I am not one to quit. If I do quit, it's not without a fight, and I generally come back. With the taste of sweet escape so tantalizingly close, I grabbed a shovel and started attacking the four foot high fortress that surrounded my poor Saturn. One hour, one pair of pants, 91857265284395487523 swear words, 3 tears, 3 attempts at pulling the car out, one attempt at pushing the car from behind, and however many number of shovelfuls of snow later, I WAS FREE. Free to a land of Xbox, of parents that buy me chicken wraps from Chic-fil-A, of cute wittle doggies, and of "Can she spend the night at my house?" Friends, countrymen, Romans, it was a beautiful time.

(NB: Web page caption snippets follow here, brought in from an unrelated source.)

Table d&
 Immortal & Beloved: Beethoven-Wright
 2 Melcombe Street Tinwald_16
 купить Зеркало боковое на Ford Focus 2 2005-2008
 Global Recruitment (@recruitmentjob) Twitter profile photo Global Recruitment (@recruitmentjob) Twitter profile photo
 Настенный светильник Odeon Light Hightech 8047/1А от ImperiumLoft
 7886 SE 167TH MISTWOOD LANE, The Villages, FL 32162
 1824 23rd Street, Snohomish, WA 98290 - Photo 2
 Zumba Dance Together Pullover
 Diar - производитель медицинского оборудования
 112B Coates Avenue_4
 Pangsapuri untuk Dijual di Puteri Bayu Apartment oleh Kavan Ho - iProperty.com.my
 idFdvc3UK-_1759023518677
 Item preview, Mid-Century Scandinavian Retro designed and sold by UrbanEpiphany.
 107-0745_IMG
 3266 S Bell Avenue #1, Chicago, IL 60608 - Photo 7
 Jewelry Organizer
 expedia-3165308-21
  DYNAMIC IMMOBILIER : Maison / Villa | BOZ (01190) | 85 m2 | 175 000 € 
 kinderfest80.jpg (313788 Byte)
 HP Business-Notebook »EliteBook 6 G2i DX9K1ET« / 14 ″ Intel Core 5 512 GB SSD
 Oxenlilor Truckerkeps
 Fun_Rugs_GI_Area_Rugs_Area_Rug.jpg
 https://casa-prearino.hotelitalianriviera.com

But, like all good things, they must come to an end. Jackie spent the night at my house, but had to leave at 1 because OH HEY, MOMMA N'S GONNA TAKE ANOTHER DUMP. TOO MUCH SNOW-CHIPOTLE, EVIDENTLY.
These past 11 hours have been an utter waste of daylight. I can only re-re-re-re-re-re-re-re-re-re-reread Harry Potter so many times. I can only check Facebook, FML, and Ruminations so often. Webcomics only update once daily. I can only eat so much until even I become disgusted with myself. The worst part? I get to do it all again tomorrow because there's STILL no school, and probably won't be until next Monday. Looks like I'll be re-re-re-re-re-re-re-re-re-re-re-re-re-re-re-re-re-re-re-re-restarting one of my Pokemon games again.
So, the part about evolution. I have left my bed only to get food, change laying positions, and, of course, when nature calls. My sheets and comforter were a cocoon of coziness until I had the sense to reconstruct it into an actual bed again. My water, sunflower seeds, laptop, phone, and Harry Potter No. 5 are all within arm's reach. I have not showered since Monday morning, and have not brushed my teeth since Saturday or Sunday. I've been sleeping in my bra because I'm too lazy and apathetic to take it off. PEOPLE, I AM DISGUSTING. I AM BASICALLY WALLOWING IN MY OWN FILTH. I am no longer a functioning human being, but a vegetable. Actually, vegetables are healthy, so I am a hamburger. I have devolved. Darwin gets to be stoned because he's a lying liar McPantonfire. Too bad he's dead. Yeah, way to escape your execution on a technicality. Jerk.
Seriously, Mother Nature. Enough already. Look, we even have a big-ass white flag to wave at you called the FRIGGEN EAST COAST. How fitting that as soon as I start to make friends at school, I get to not go for a week. Thanks world, you own.